Na configuração desejada para a PGR, contavam pontos relativizar a destruição ambiental na Amazônia, legitimar a força privada e a violência no campo e reinaugurar o projeto assimilacionista para os povos indígenas. A defesa do Estado laico, o respeito à diversidade e a promoção da educação em direitos humanos deveriam ser prontamente descartados. A luta contra a corrupção já não deveria mais ser priorizada.
Esqueceu-se que o compromisso da instituição e de seus membros não é feito com o Poder Executivo, mas com a sociedade brasileira. A defesa e a promoção de direitos pelos quais muita gente já arriscou a vida, como o histórico procurador Pedro Jorge, foi uma decisão do Constituinte, que viu no Ministério Público mais um agente pela transformação do Brasil em um país mais justo.
Pode-se dizer, em síntese, que a restrição de canais democráticos e independentes do Estado brasileiro ganhou mais um capítulo. Após a extinção de conselhos, o enfraquecimento do sistema de combate à corrupção, a defesa de um programa inconstitucional de restrição de liberdades e o estímulo a violações de direitos indígenas e do meio ambiente, avança-se agora sobre a instituição independente que justamente possui o papel de lutar contra as arbitrariedades anteriores.
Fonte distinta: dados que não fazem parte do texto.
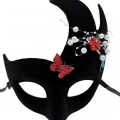 Siyah İncili Taşlı Süet Venedik Parti Maskesi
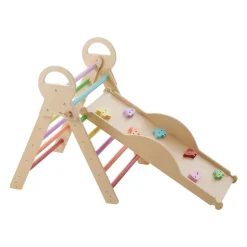 VEVOR Pikler Triangle Set, 9-in-1 Toddler Climbing Toys Indoor, with 2 Wooden Cars, Cushion, Triangle, Arch, and Ramp, 150 lbs Load, Foldable Montessori Climbing Set for Toddlers and Kids, Rainbow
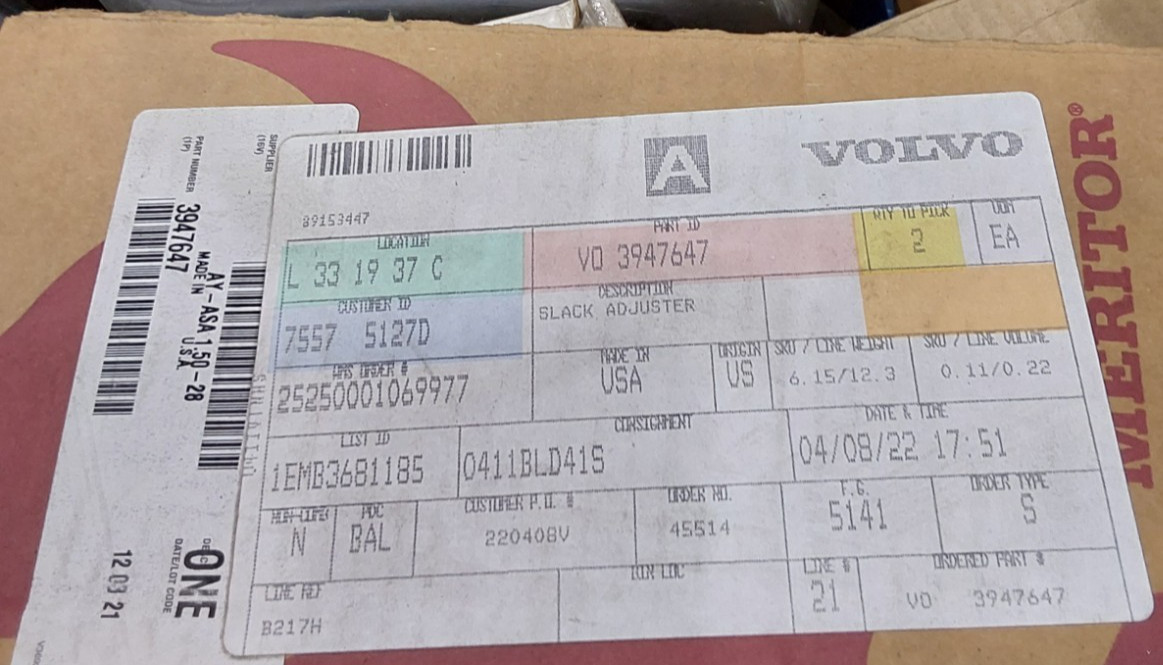Volvo 3947646 Meritor Type Slack Adjuster 5.5in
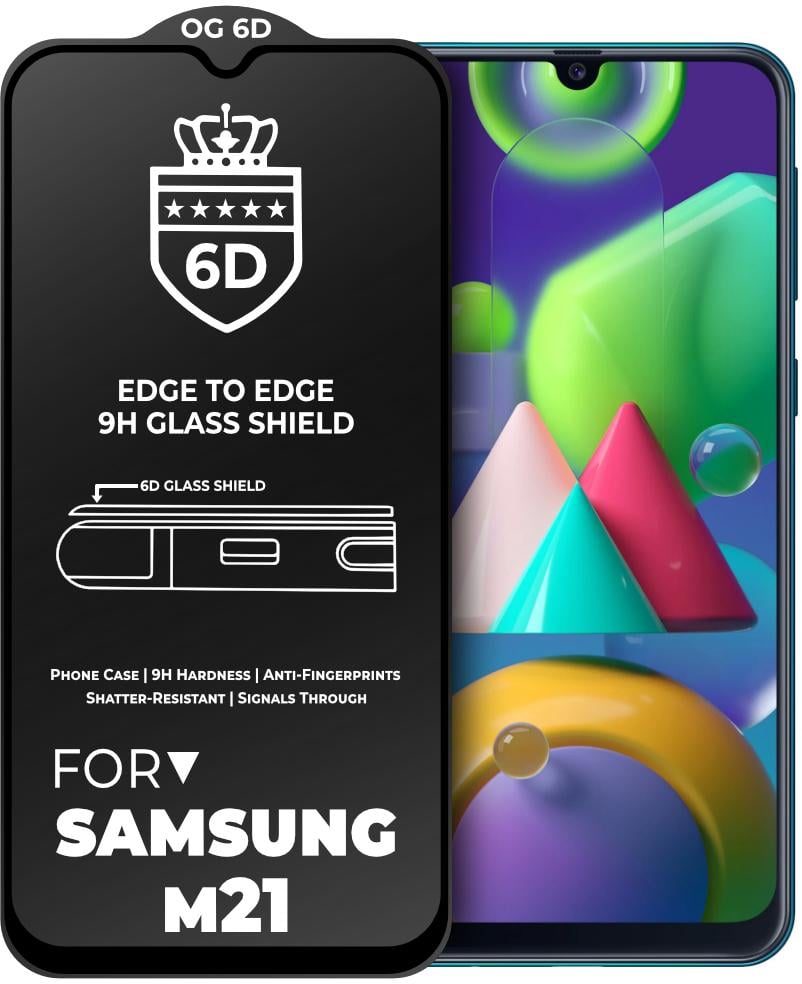 Защитное стекло 6D OG Crown для Samsung Galaxy M21 M215 Black (19026)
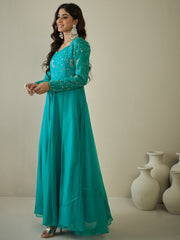 Embroidered Sweetheart Neck Ethnic Maxi Dress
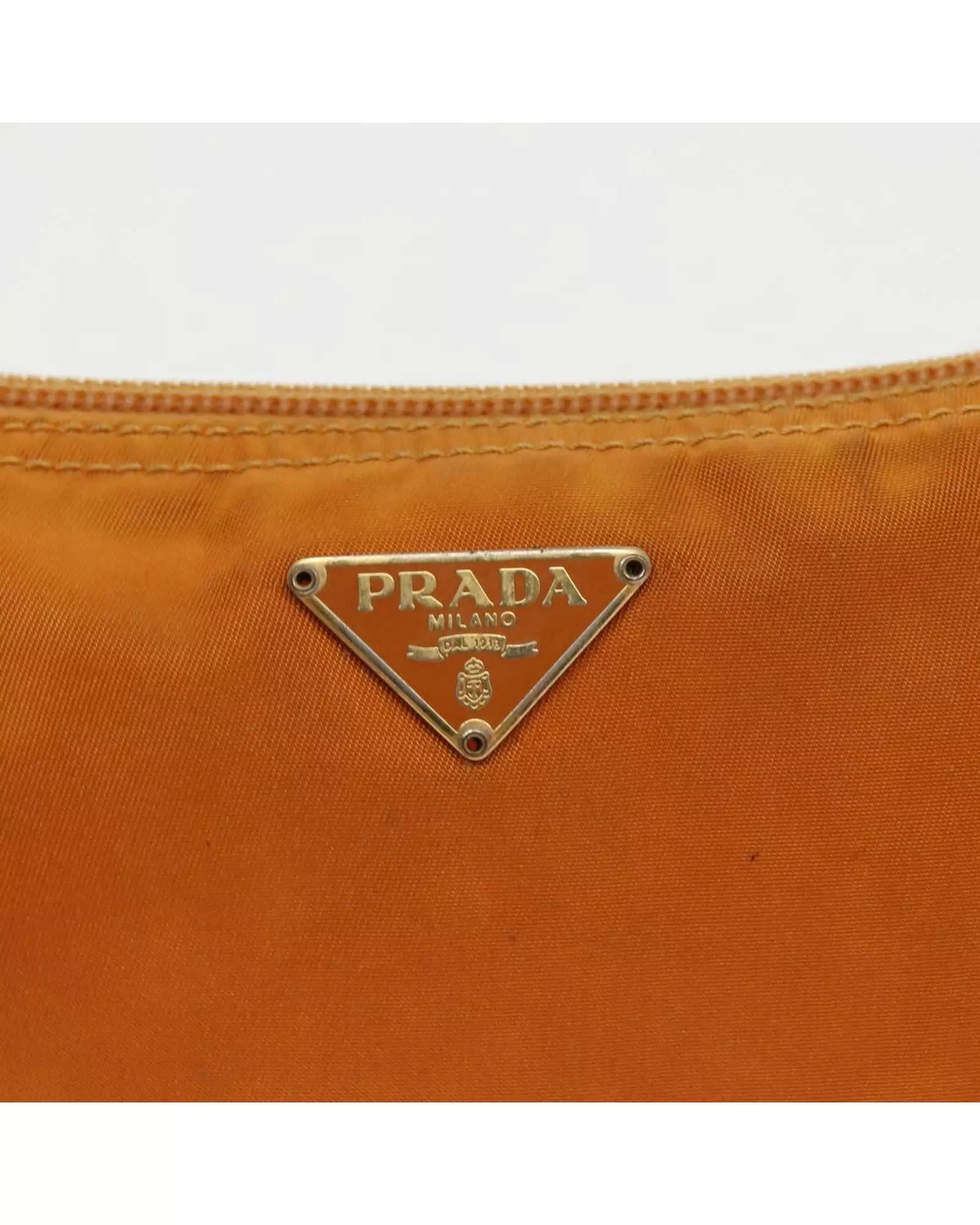 Prada Preloved Orange Nylon Zipper Pouch Wo Pouches | Karen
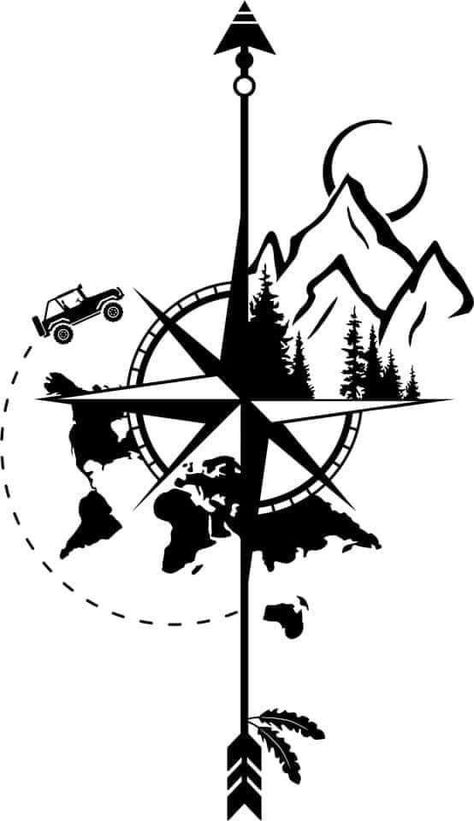 Jeep Svg Files Free, Tree Line Tattoo, Jeep Tattoo, Travel Tattoo Ideas, Compass Drawing, Bear Sketch, Travel Tattoos, Compass Logo, Mountain Drawing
É certo que o MPF, como todas as instituições, possui erros e deve submeter-se a um debate público, aberto e transparente acerca de suas atividades. Contudo, a crítica ao desempenho de seu papel não pode afastar a percepção sobre a gravidade do momento. Mais do que atacar a independência da instituição, caminha-se a passos largos para a destruição da própria Constituição.
Não há, porém, tempo para lamentar. Faz escuro, mas cantamos, como disse o poeta. O projeto “contraconstitucional” sofre a resistência em forma de trabalho: em todos os cantos, membros continuam batalhando por justiça social com diligência, técnica e independência, atentos aos seus deveres constitucionais e à sociedade. Não há luto que não se transforme em luta. Por direitos, pela Constituição e pela democracia.
Julio José Araujo Junior é procurador da República no Estado do Rio de Janeiro. Mestre em Direito Público pela Universidade do Estado do Rio de Janeiro (UERJ).
Jorge Luiz Ribeiro de Medeiros é procurador da República no Estado de Goiás. Mestre em Estado, Direito e Constituição pela Universidade de Brasília (UnB).